(Bloomberg News) John Paulson, the billionaire money manager who's vowed to restore his hedge fund to profitability after the worst year of his career, may have to take a cue from rival Ken Griffin.

Paulson's $28 billion firm, Paulson & Co., will need to generate a 104 percent return to recoup a 51 percent drop in one of his largest funds after wagers on a U.S. recovery went awry. Until he hits that mark, Paulson will have to forgo his 20 percent performance fee, and will collect only his 1.5 percent management fee. It has taken Griffin, the billionaire founder of Citadel LLC, three years to recover most of the 55 percent he lost for investors in 2008.

"With Paulson's assets, size and longer-term investing style, it's going to be difficult for him to make money back," said Vidak Radonjic, managing partner at Beryl Consulting Group LLC in Jersey City, New Jersey, which advises clients on investing in hedge funds. "He has large, concentrated stock positions and the market isn't really rewarding those with holdings like that."

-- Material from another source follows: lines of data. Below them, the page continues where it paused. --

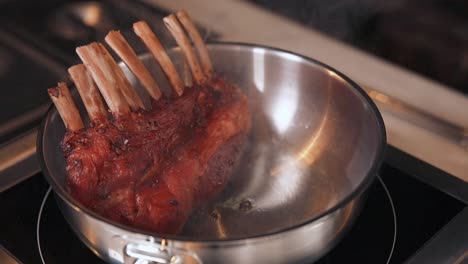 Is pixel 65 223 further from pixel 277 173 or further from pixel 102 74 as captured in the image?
pixel 277 173

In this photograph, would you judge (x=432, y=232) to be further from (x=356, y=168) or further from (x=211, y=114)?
(x=211, y=114)

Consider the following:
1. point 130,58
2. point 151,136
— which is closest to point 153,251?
point 151,136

Hedge funds are on track for their second-worst year in more than two decades. They've dropped 7.6 percent from their peak asset value in April, according to Hedge Fund Research Inc. At the end of the third quarter, about 30 percent of the 2,000 funds that make up the firm's benchmark index were below their so-called high watermark, or previous peak value. Like Paulson, most of those managers won't be able to charge performance fees until they recoup losses.

Griffin, 43, needed to generate a return of about 122 percent to make some investors whole after his largest funds lost $9 billion on credit-market wagers in 2008. Those funds were about 2.5 percent short of a full recovery as of Dec. 31, after returning about 20 percent in 2011, 11 percent in 2010 and 62 percent the previous year as markets rallied, according to a person with knowledge of the returns who asked not to be identified because the information is private.

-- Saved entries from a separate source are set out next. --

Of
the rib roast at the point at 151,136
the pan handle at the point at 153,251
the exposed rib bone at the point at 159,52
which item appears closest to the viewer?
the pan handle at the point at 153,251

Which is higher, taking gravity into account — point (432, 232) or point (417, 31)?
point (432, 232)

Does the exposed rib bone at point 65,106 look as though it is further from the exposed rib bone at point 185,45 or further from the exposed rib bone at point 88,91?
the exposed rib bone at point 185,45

About 15 percent of clients' capital has yet to reach the high watermark, the person said. Citadel, with $11.5 billion in assets, is among a handful of hedge funds that pass on all expenses to clients, rather than charging the industry-standard 2 percent annual management fee.

Paulson, 56, who made billions betting against the U.S. housing market in 2007, incurred losses last year on investments including Citigroup Inc. and Bank of America Corp. He told clients in November that he had reduced so-called net exposure in his main funds as well as wagers on rising securities across all his funds.

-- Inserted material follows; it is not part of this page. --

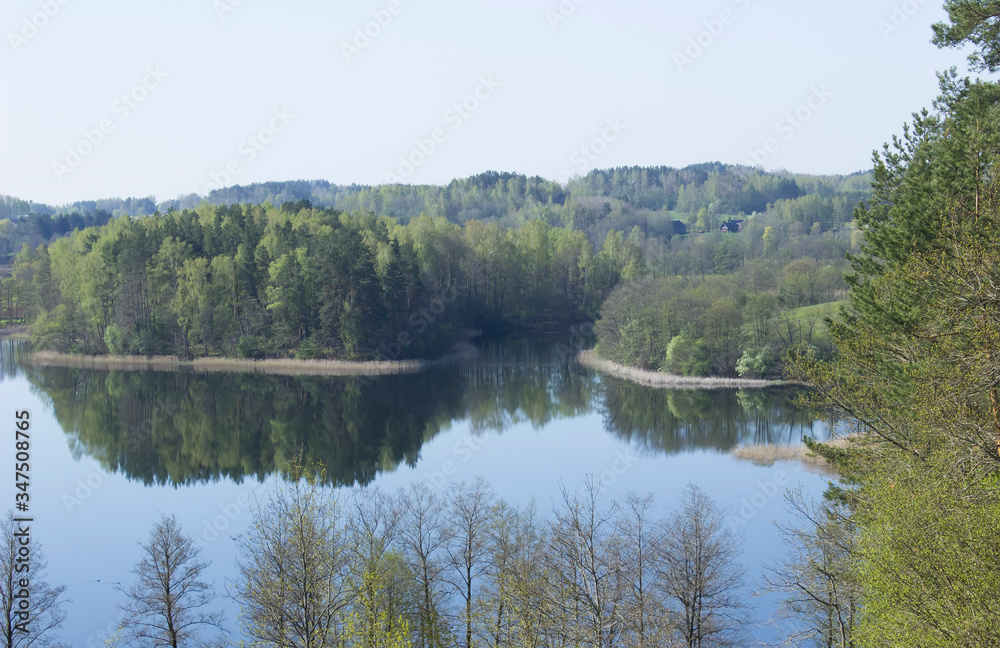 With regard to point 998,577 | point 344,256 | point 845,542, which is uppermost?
point 344,256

Armel Leslie, a spokesman for Paulson in New York, and Devon Spurgeon, a spokeswoman for Chicago-based Citadel, declined to comment on the returns.

Paulson returned 164 percent in his Advantage Plus fund in 2007, thanks to a wager that subprime mortgages would tumble. While investors who were in the fund that year have made money even with last year's loss, those who came in later aren't as lucky. Clients who invested at the beginning of 2008 are down about 3.5 percent since then.

"Clearly this has been an aberrational year for us," Paulson wrote in a letter to investors dated Jan. 5. "Going forward we remain committed to restoring all of our funds to profitability."